Curious how a tour’s climate impact is measured—properly—without greenwash, mystery math, or missing flights? This guide walks through a transparent, conservative (“high-estimate”) method that covers Scopes 1–3, includes guest travel to and from the start point, and finishes with a clear 200% offset commitment. It’s designed so any responsible tour provider—or curious traveller—can follow along.

Quick promise: nothing gets left out. Every section of the original template is here, now with plain-English explanations, examples, and why-it-matters notes.


Why “CO₂e,” and why the high-estimate approach?

CO₂e (carbon-dioxide equivalent) bundles all major greenhouse gases into one comparable unit. Different gases warm the planet differently and for different lengths of time; CO₂e lets us speak one language.

High-estimate means leaning conservative when data is patchy—using reputable factors and slightly “rounding up” so totals don’t understate reality. This is especially important for aviation, where non-CO₂ effects (like contrails) add warming beyond tailpipe CO₂. Accounting for those ensures results are robust, not optimistic.


What this is built on (the boring—but crucial—bit)

The method aligns with the GHG Protocol and uses current conversion factors from UK DEFRA/BEIS, Australia’s National Greenhouse Accounts (NGA), US EPA, and HCMI for hotels. If a supplier provides good primary data (e.g., actual fuel, metered electricity), use that. If not, use the conservative defaults below and show your sources.


Zero Trace Tours — CO₂e Measurement & Reporting Template (High-Estimate Method)
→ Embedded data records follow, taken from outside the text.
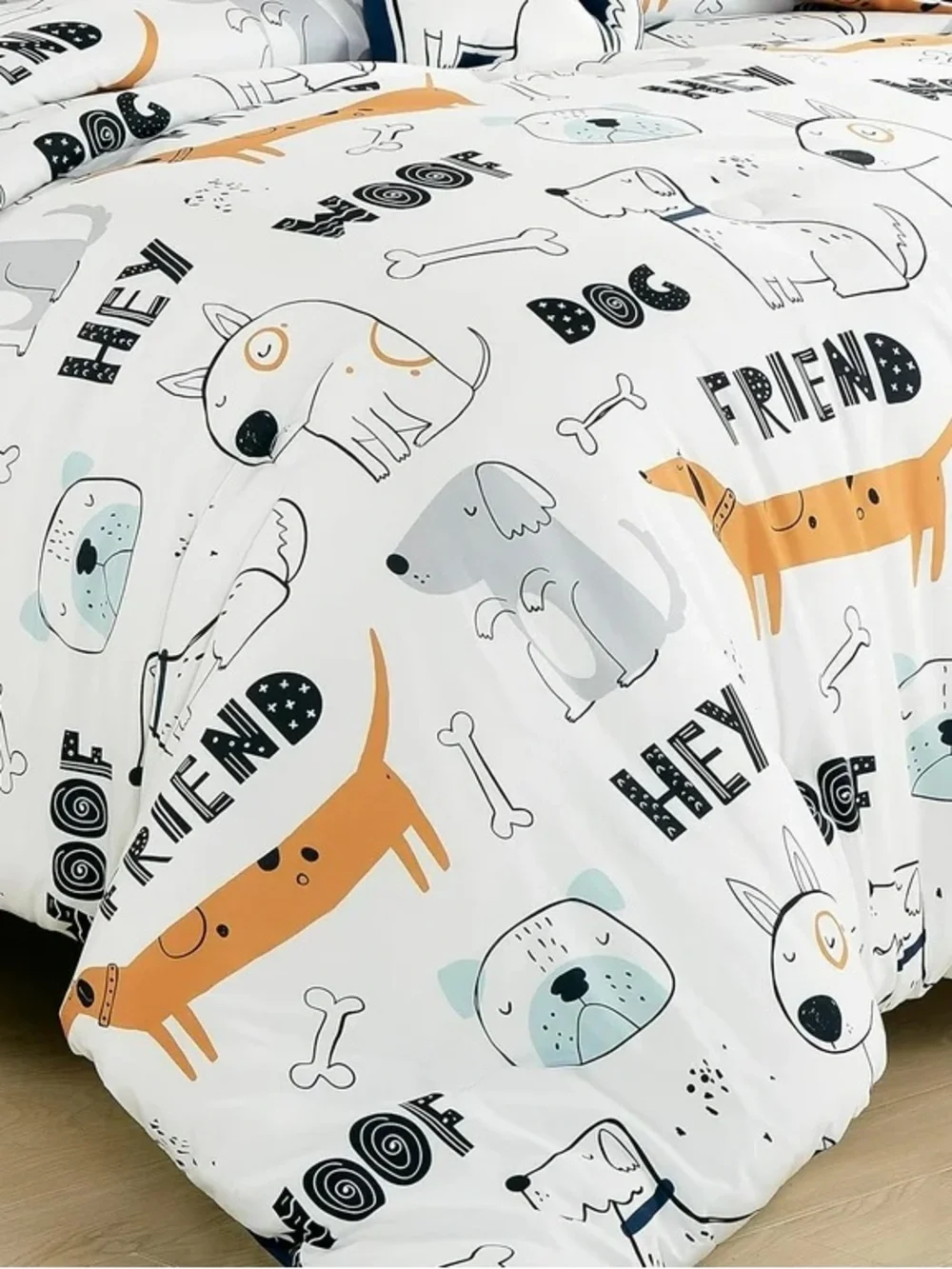 Dog Print Full/Queen 3 piece Comforter Set in White and Tan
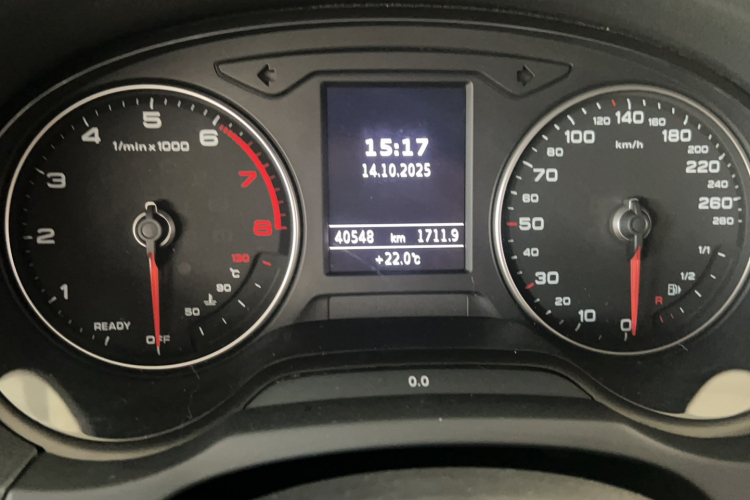 奥迪A3 2020款 Limousine 35 TFSI 风尚型 国VI中控内饰15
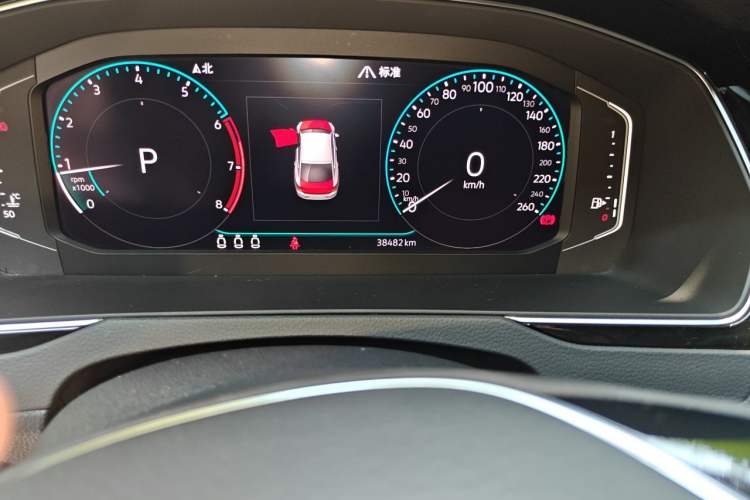 Used Volkswagen FAW-Volkswagen CC 2020 330TSI Glamour Edition China VI Standard Odometer Close Up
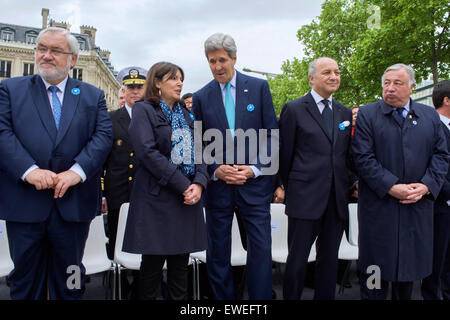 Stati Uniti Il segretario di Stato John Kerry, affiancato dal Ministro degli esteri francese Laurent Fabius, parla con il sindaco di Parigi Anne Hidalgo dopo un settantesimo anniversario VE giornata di commemorazione del 8 maggio 2015, presso l'arco d'Triomphe e lungo gli Champs Elysee a Parigi, Francia. Foto Stock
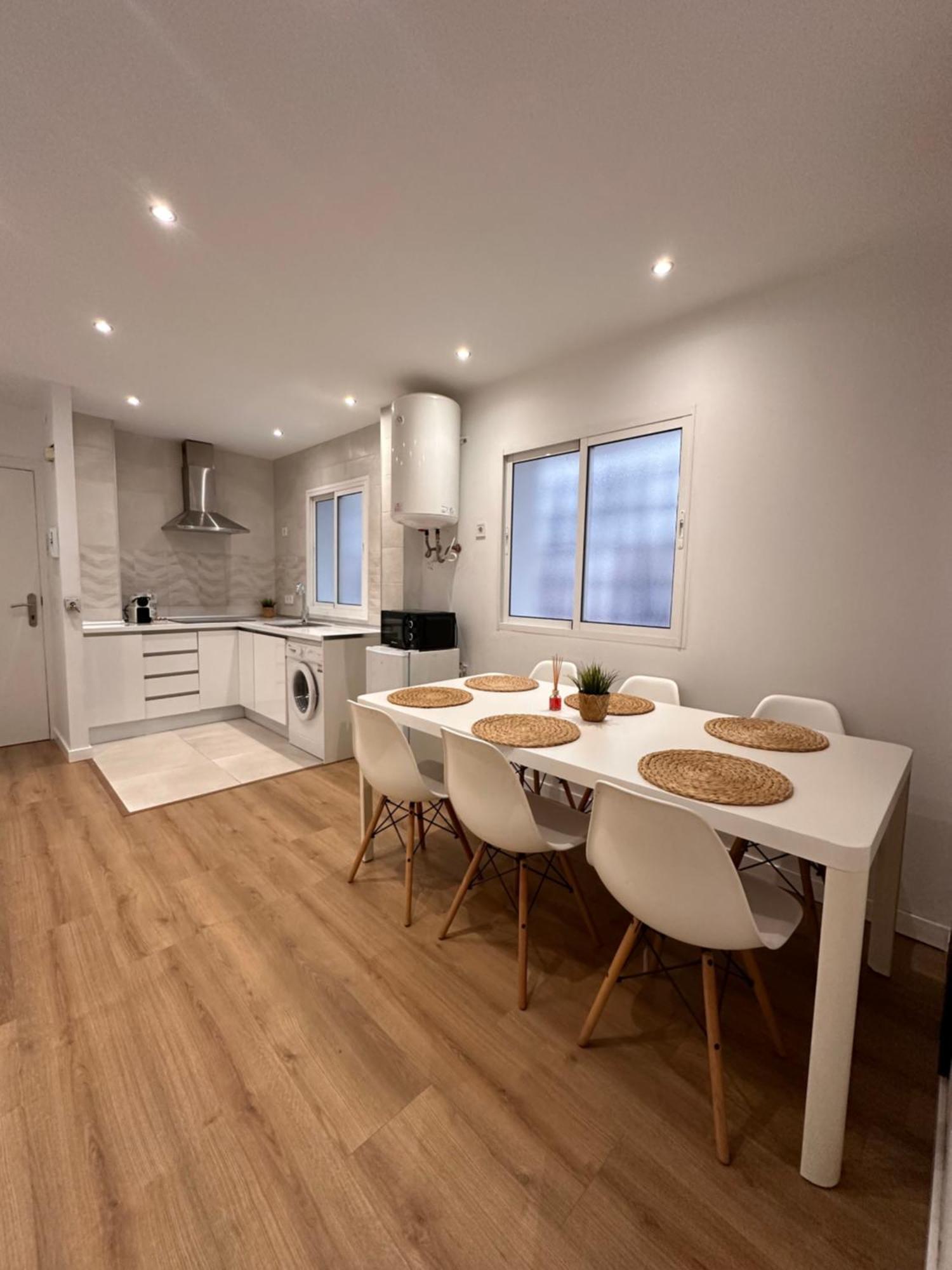 Apartament Claveles De Luxe Malaga Zewnętrze zdjęcie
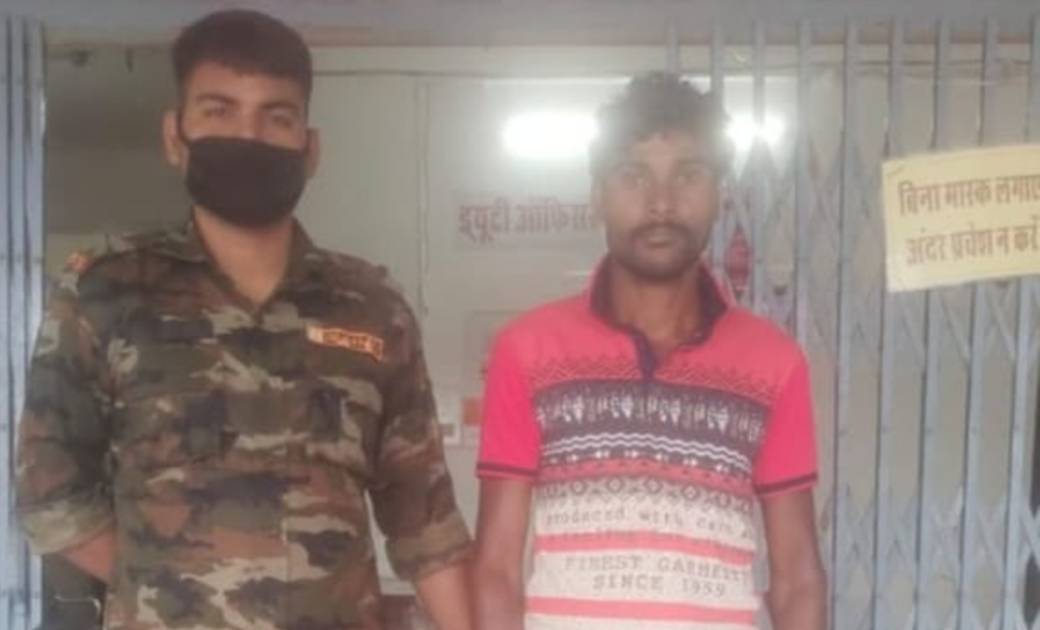 कलयुगी नशेड़ी बेटे ने उतारा पिता को मौत की घाट...टांगी और फाव... - CG Sandesh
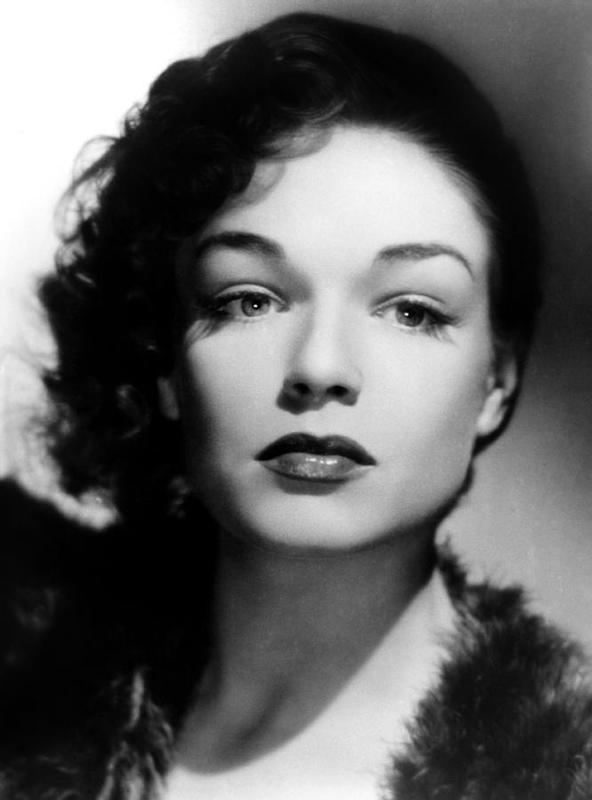 Simone Signoret 107661largejpg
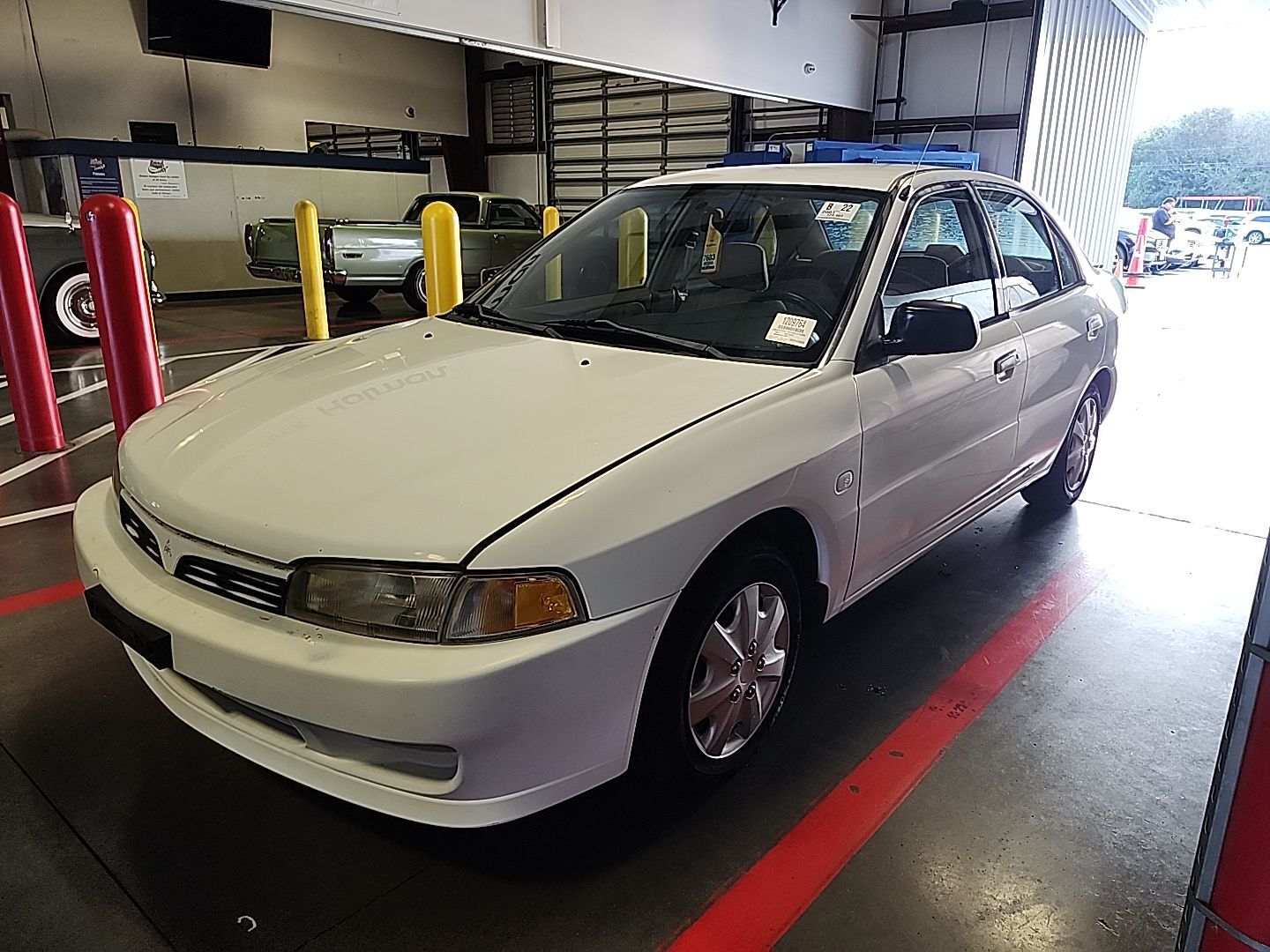 Mitsubishi Mirage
Purpose (what this report does)

Estimate total greenhouse gas emissions (CO₂e) per tour using a conservative method across Scopes 1–3, then offset 200% to ensure a net-positive contribution to landscapes. Methodology aligns with GHG Protocol and uses up-to-date emission factor sets. (References listed at the end.)

Plain-English take: this is a repeatable recipe. Follow the steps, plug in data, publish the number, then retire twice that many tonnes in high-quality credits. Simple, defensible, auditable.


1) Tour Header (the who/what/where)

Fill this in for each departure so every report is traceable.

  • Tour name:

  • Location / Region:

  • Duration / Season:

  • Group size (max / actual):

  • Start / Finish points:

  • Report period:


2) Scope & Boundaries (what’s included—and why)

  • Scope 1 (direct): On-tour fuel use (4WD, boats, generators).
    Why? These are emissions directly burned for the tour.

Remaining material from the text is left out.